# Exercise brief
Output must consist only of the lines of the material below from the one with "Hello everyone, and" through the one with "Just configure all", each reproduced exactly; no pictures belong in it.

Start of Source data

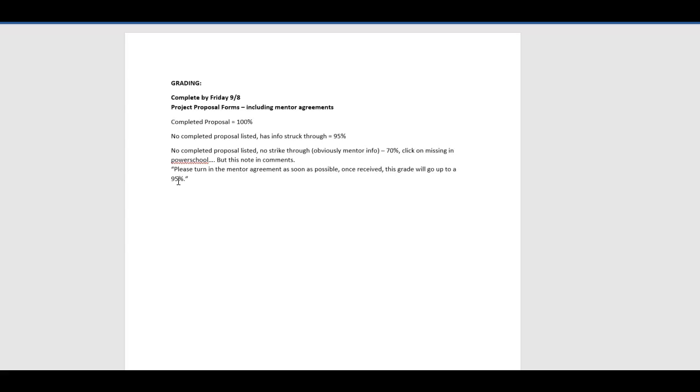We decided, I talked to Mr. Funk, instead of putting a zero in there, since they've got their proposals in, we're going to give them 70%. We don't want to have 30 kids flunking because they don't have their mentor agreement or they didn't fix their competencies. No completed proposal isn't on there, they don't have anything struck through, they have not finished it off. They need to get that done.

End of Source data
Start of Source data

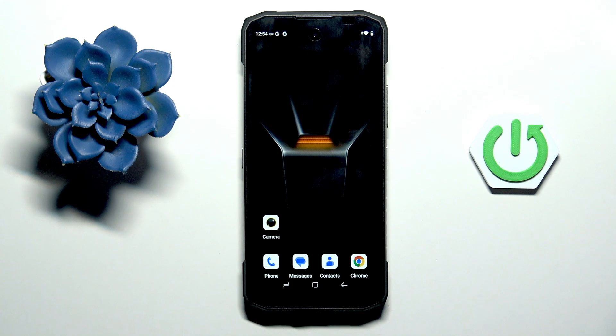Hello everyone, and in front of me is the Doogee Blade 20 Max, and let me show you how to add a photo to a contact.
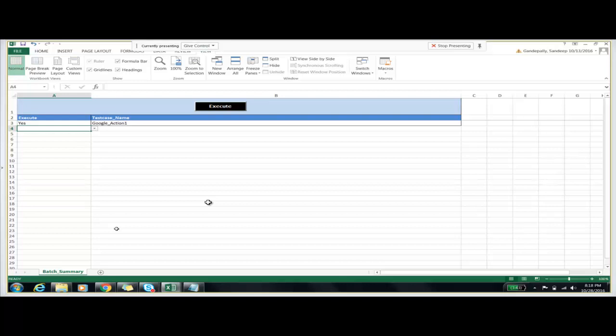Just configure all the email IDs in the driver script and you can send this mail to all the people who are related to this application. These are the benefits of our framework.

End of Source data
Start of Source data

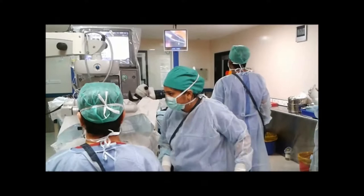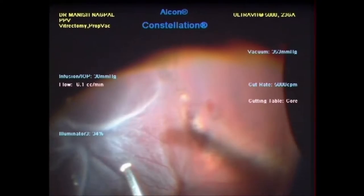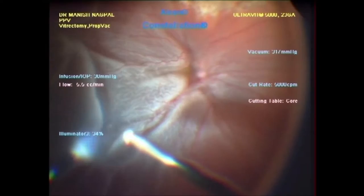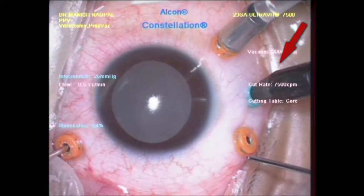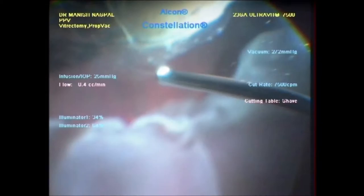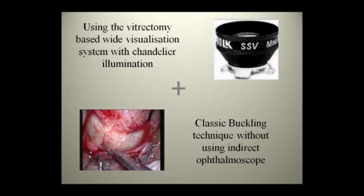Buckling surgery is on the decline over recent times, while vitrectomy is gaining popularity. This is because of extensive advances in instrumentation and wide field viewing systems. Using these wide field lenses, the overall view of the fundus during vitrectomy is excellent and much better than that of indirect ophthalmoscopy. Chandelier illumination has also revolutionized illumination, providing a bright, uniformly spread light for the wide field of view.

End of Source data

# Solution for this exercise
Hello everyone, and in front of me is the Doogee Blade 20 Max, and let me show you how to add a photo to a contact.
Just configure all the email IDs in the driver script and you can send this mail to all the people who are related to this application. These are the benefits of our framework.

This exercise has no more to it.